PEP 541 - Should name squatting be actively discouraged?

Hi all,

Me and @jamadden are moderators on PyPI and as part of our work we deal with PEP 541 requests from users, many of them fall under the invalid project category of PEP 541 for name squatting:

project is name squatting (package has no functionality or is empty);

In my travels on the admin interface I’ve found many other instances sometimes the same user name squatting a long list of names.

Given the PEP is quite clear about this not being allowed I wonder if the overall packaging ecosystem, e.g. twine, warehouse and others, should do more to actively discourage this practice.

I realize the key to this issue is to be able to assess what constitutes a “functional” package. I’ve found examples of packages with a single bogus function or a chunk of copy/pasted code. But I do think we could do a better job on detecting very clear cases of empty packages and prevent them from being uploaded or maybe show a warning in PyPI/pip letting users know of this fact.

I’d love to hear some thoughts from the community about this.

Thanks.

1 Like

I think it would be appropriate to have an automated process for screening empty packages, but the ones that have code that wouldn’t qualify as being functional might be a bit more difficult (or are copy/pasted). Those cases would likely require manual review, and it would only be worthwhile to do so if that package name is significantly in demand or specifically requested by another author. Otherwise it could easily become an endless time sink.

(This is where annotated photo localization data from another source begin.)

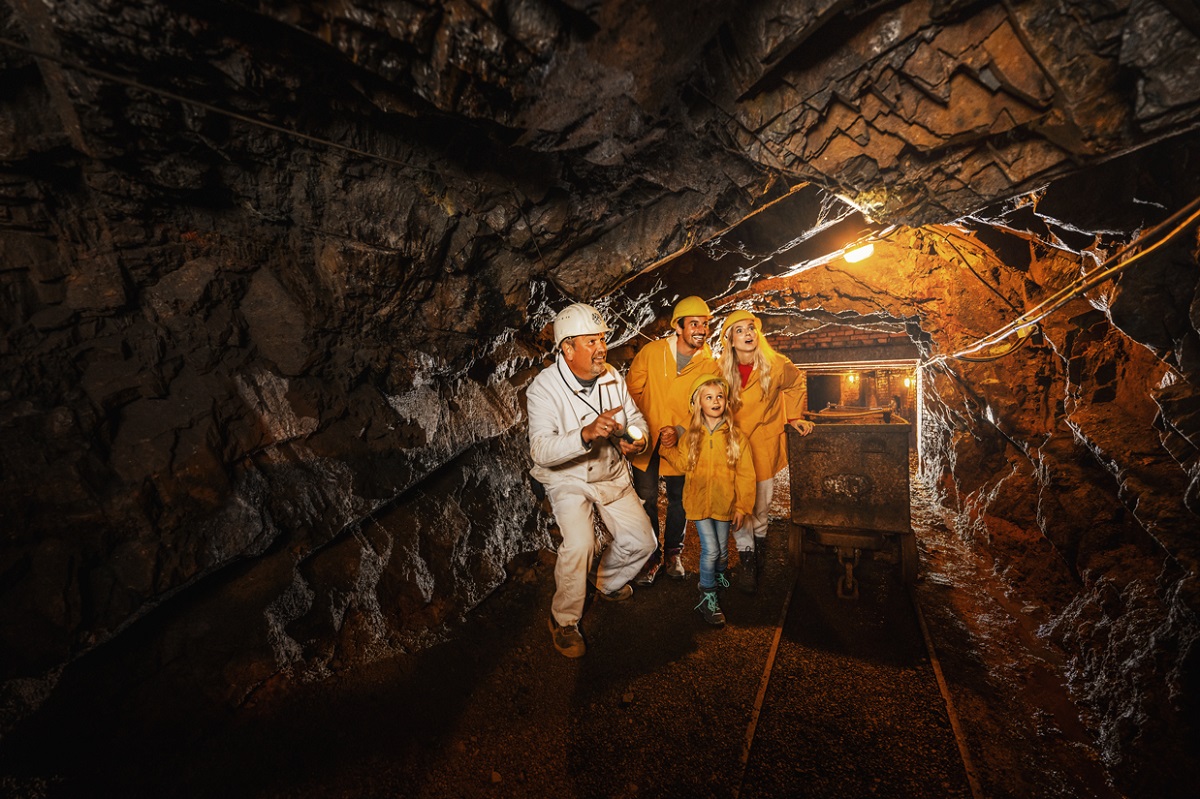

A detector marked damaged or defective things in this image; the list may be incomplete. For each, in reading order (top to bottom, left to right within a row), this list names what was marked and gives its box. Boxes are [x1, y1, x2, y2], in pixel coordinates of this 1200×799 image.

rusty metal surface [787, 419, 907, 532] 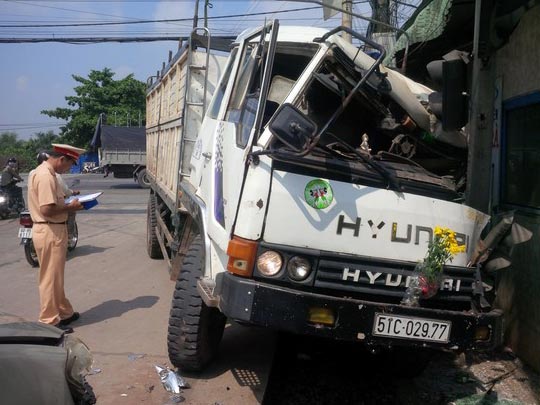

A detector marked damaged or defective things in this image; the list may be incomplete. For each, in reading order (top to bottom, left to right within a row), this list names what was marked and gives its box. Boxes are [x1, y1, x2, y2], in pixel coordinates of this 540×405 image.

damaged hyundai truck [146, 22, 504, 372]
shattered windshield [266, 43, 468, 199] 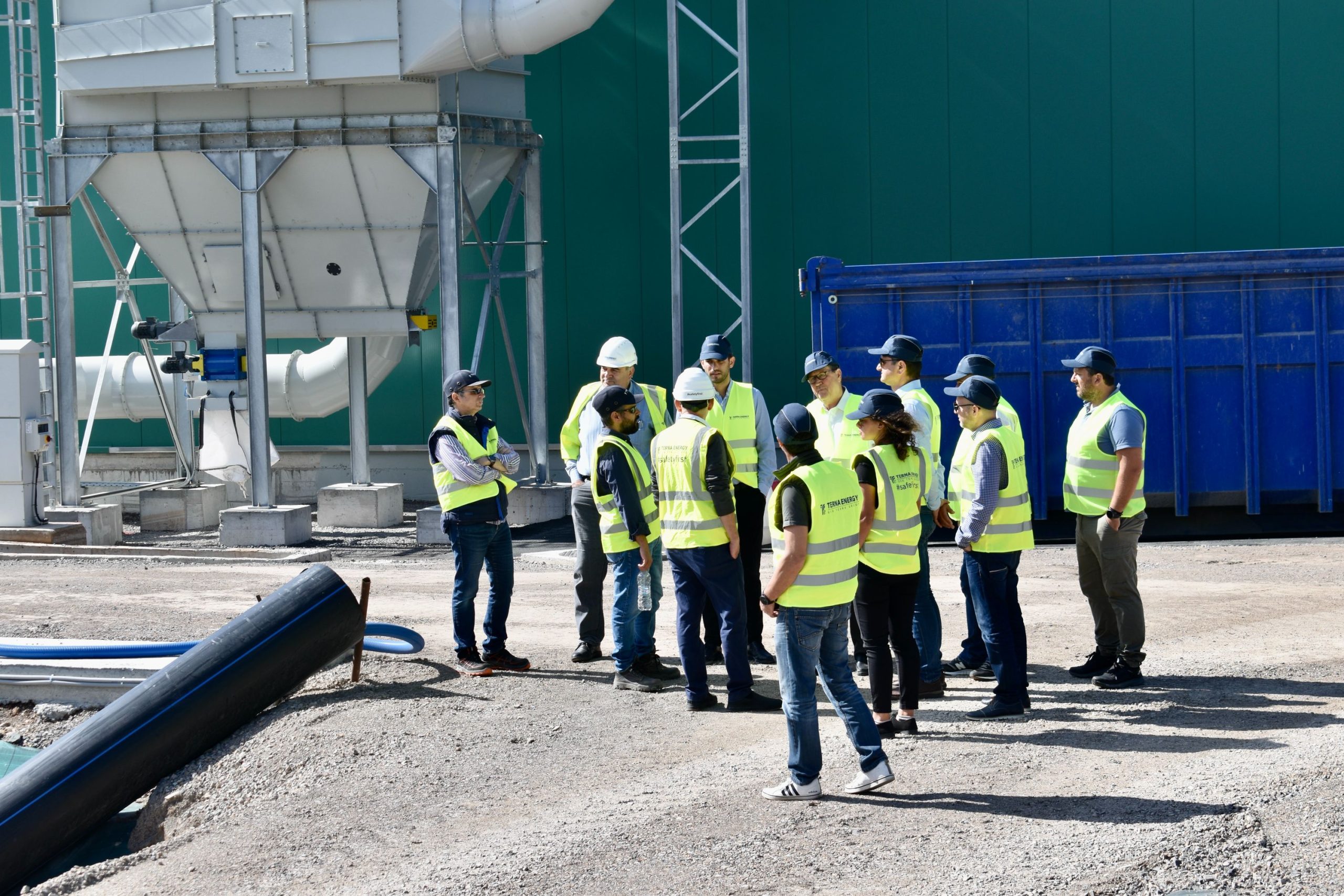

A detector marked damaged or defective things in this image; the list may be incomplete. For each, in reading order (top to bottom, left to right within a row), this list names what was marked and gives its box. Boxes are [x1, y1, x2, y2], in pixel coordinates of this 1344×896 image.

rusty metal stake [354, 577, 371, 682] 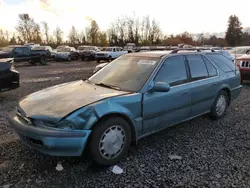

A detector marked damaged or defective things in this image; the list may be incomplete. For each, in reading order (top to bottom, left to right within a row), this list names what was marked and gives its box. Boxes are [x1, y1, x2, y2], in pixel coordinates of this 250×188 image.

damaged hood [18, 80, 130, 122] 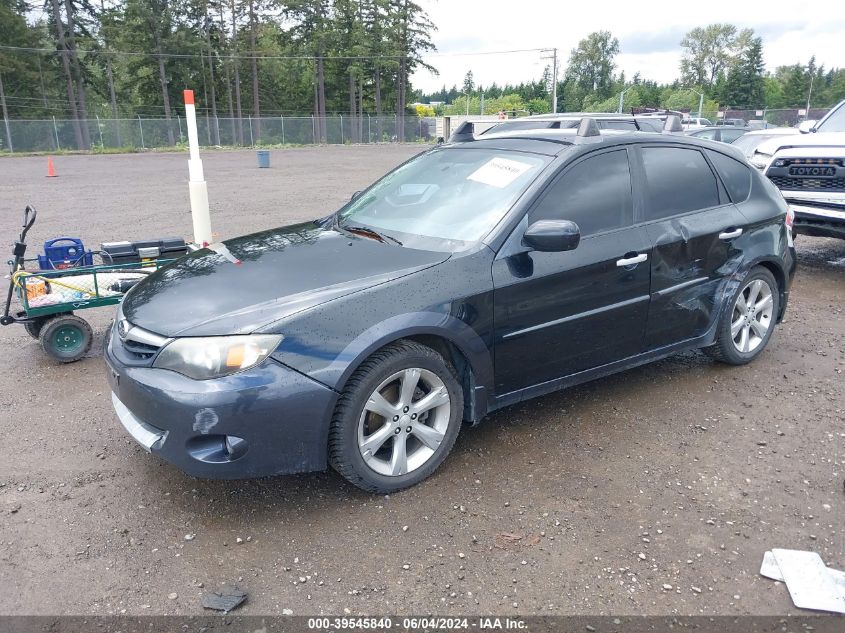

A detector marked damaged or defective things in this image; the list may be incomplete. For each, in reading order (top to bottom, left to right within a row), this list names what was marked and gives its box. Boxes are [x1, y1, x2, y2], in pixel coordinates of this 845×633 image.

damaged front bumper [106, 328, 340, 476] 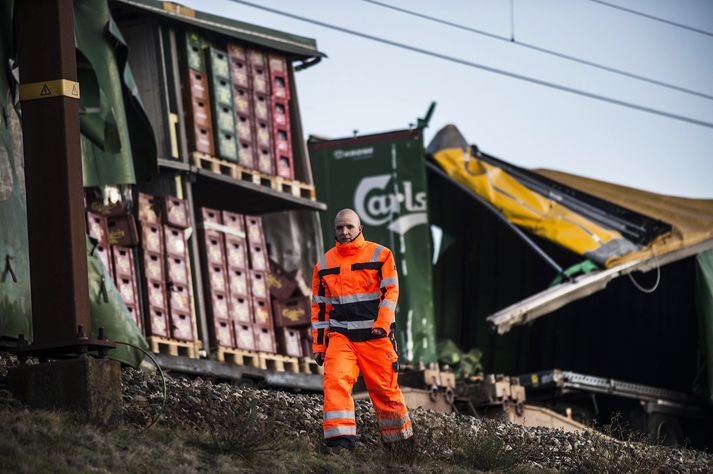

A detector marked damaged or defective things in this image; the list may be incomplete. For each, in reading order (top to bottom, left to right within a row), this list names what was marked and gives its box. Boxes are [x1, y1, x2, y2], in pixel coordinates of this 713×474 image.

rusty metal beam [15, 0, 90, 348] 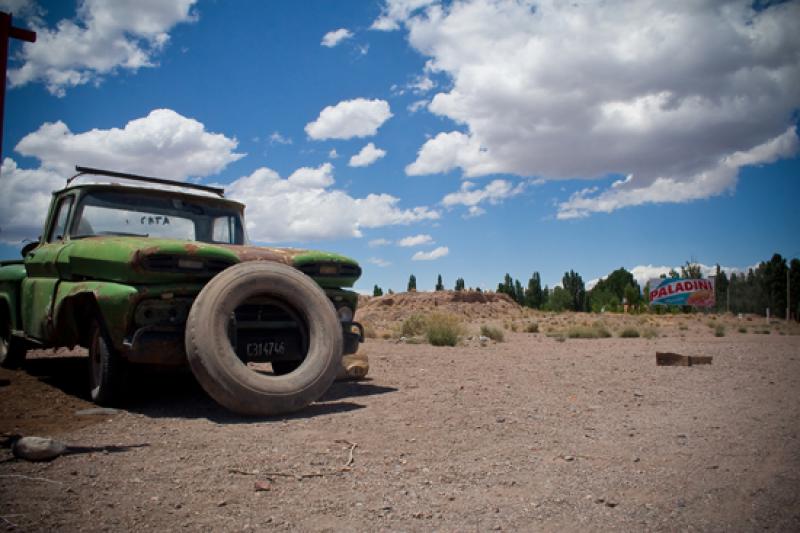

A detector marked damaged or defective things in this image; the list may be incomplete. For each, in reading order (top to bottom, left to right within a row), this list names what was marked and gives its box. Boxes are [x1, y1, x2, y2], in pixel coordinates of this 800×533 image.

rusty green truck [0, 166, 366, 416] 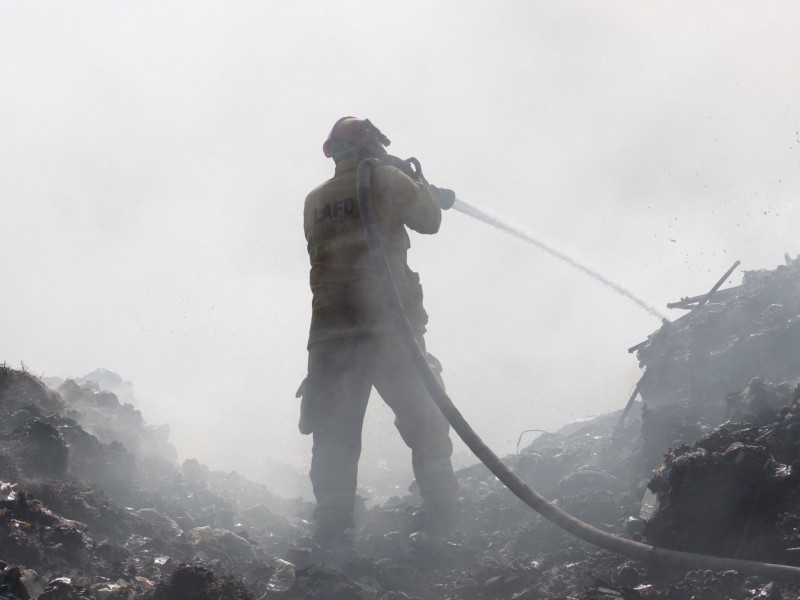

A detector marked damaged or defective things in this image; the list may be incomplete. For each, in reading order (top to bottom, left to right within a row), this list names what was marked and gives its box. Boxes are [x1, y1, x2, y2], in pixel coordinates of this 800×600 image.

burnt rubble [4, 258, 800, 600] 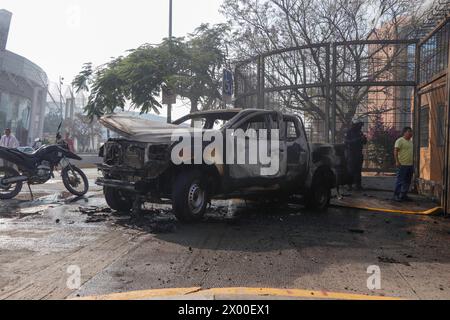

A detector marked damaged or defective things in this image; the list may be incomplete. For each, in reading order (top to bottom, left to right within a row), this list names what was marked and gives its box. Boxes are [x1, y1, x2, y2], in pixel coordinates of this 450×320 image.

burned pickup truck [96, 109, 346, 221] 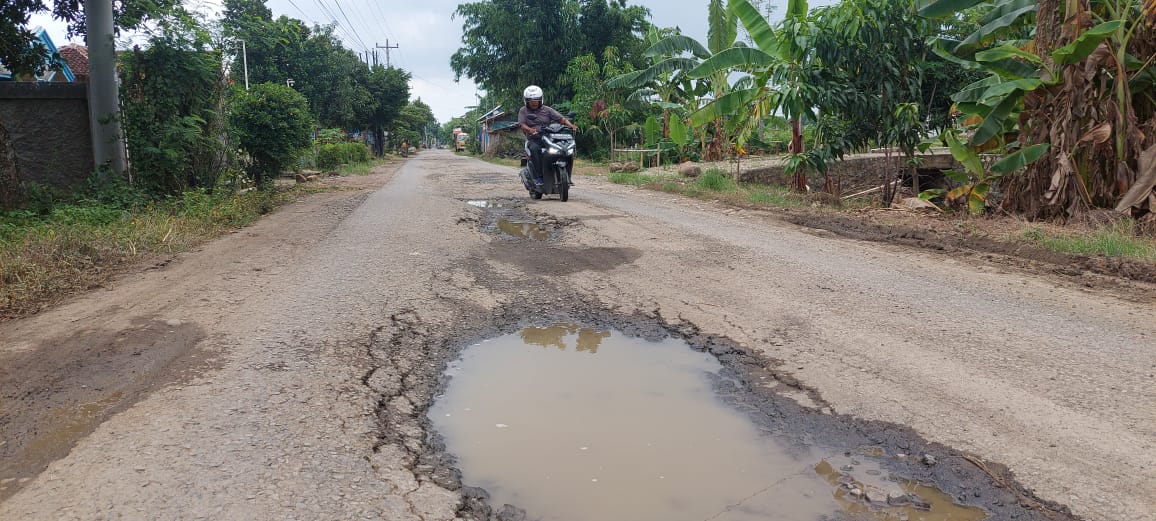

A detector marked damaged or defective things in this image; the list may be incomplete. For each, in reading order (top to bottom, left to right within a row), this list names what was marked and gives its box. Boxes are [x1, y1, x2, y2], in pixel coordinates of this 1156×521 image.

water-filled pothole [494, 219, 552, 241]
damaged asphalt road [2, 149, 1156, 519]
cracked road surface [2, 151, 1156, 521]
water-filled pothole [430, 323, 989, 519] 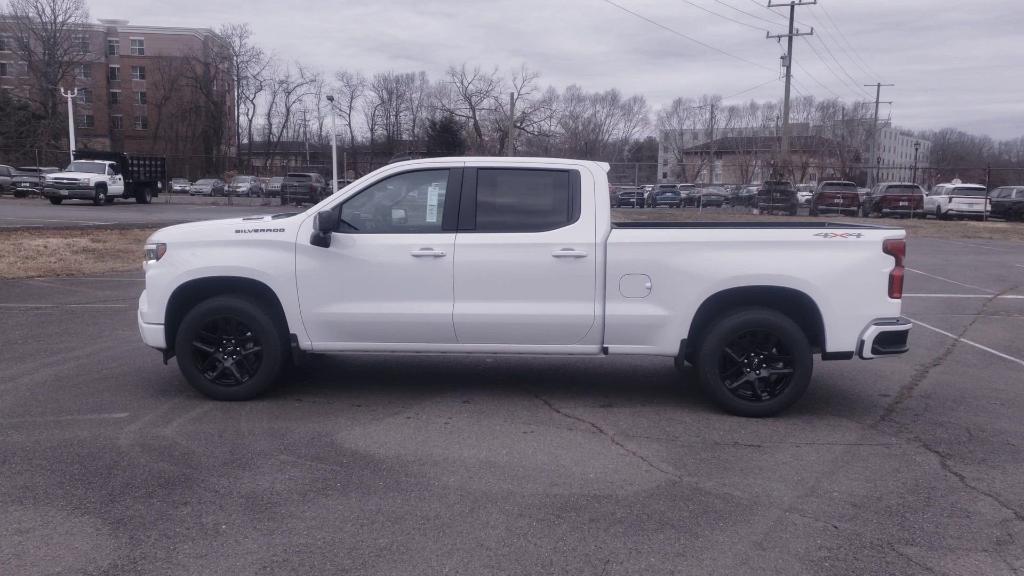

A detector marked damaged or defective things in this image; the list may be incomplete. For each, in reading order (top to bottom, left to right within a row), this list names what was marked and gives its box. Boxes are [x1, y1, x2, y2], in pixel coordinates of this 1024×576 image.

cracked pavement [0, 235, 1019, 569] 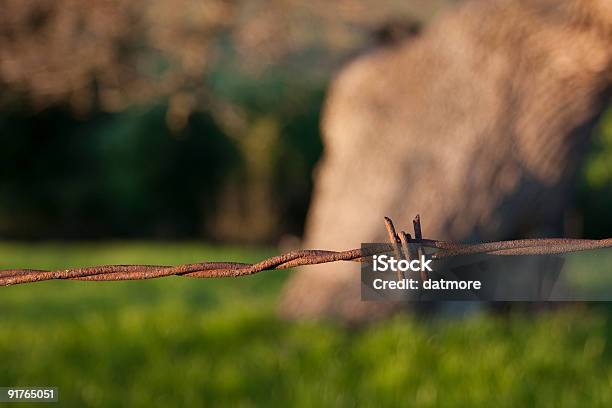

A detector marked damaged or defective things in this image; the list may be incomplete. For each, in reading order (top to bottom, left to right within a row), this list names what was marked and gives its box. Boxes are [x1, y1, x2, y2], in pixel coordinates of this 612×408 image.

rusty barbed wire [1, 215, 612, 286]
rust on wire [1, 217, 612, 286] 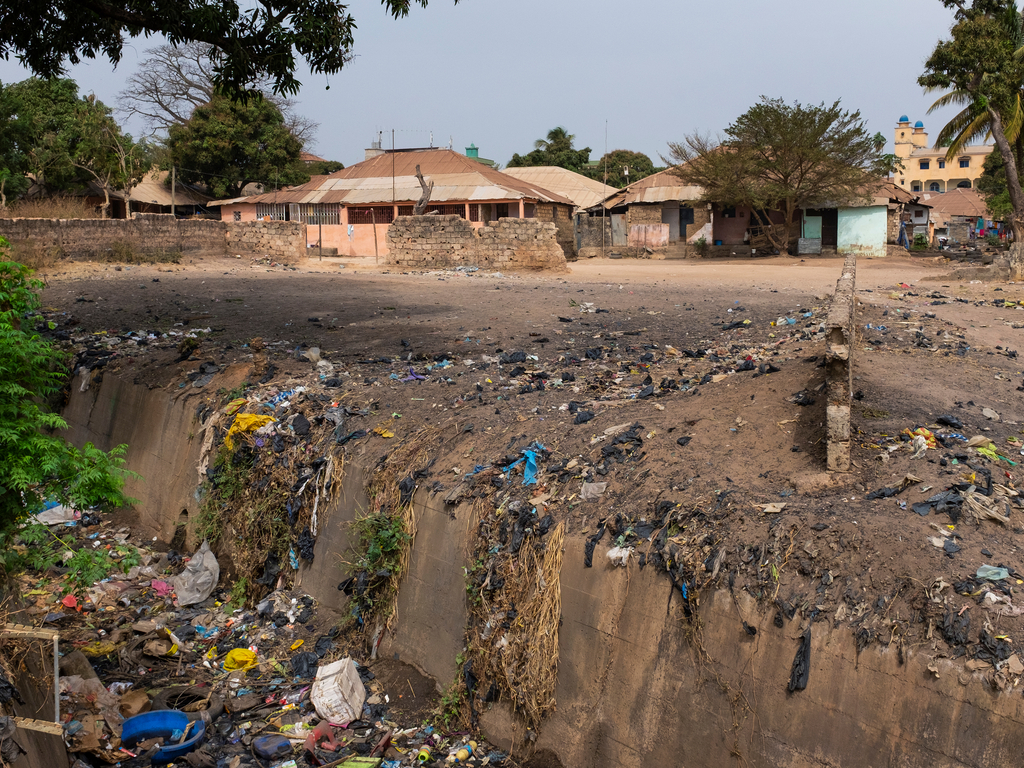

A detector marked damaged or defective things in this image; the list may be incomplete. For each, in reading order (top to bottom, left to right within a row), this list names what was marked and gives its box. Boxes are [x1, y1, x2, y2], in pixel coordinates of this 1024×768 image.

rusty metal roof [222, 149, 577, 207] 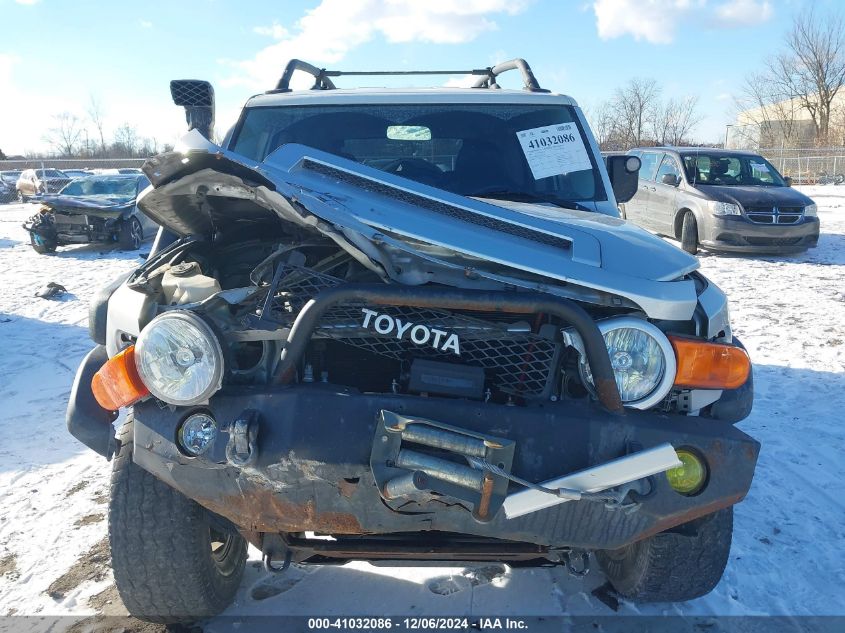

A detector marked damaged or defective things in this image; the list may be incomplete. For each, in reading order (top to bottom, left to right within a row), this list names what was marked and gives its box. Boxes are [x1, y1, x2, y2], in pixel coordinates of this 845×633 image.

dark damaged car [21, 173, 155, 254]
crumpled hood [138, 133, 704, 320]
crumpled hood [692, 183, 812, 207]
damaged silver toyota fj cruiser [67, 60, 760, 624]
dark damaged car [67, 60, 760, 624]
rusty bumper section [130, 386, 760, 548] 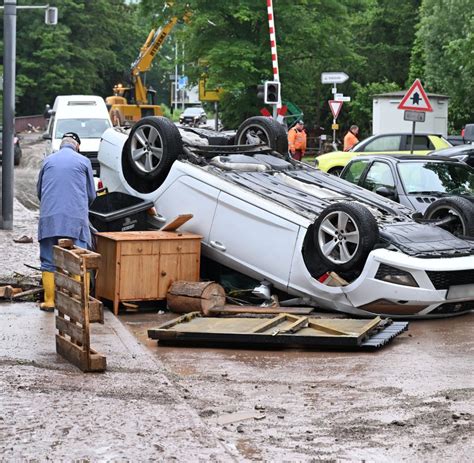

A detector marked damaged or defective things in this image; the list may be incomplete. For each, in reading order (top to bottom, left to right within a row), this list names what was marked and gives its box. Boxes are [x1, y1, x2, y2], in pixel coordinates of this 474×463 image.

I’d recommend starting with the easier and more clear cases first with automatically screening empty packages (if nothing is in place at the moment). From there, specific guidelines can be created that define what would qualify as a functional package. If a package author with a functional package (already in place or created) wants to request that name, a manual review would have to be done on the existing package to ensure that a legitimate package isn’t being replaced.

@aeros provided sensible suggestions.

Note that some things with little or no code such as https://pypi.org/project/anyreadline are not squatting names… but these are rare enough.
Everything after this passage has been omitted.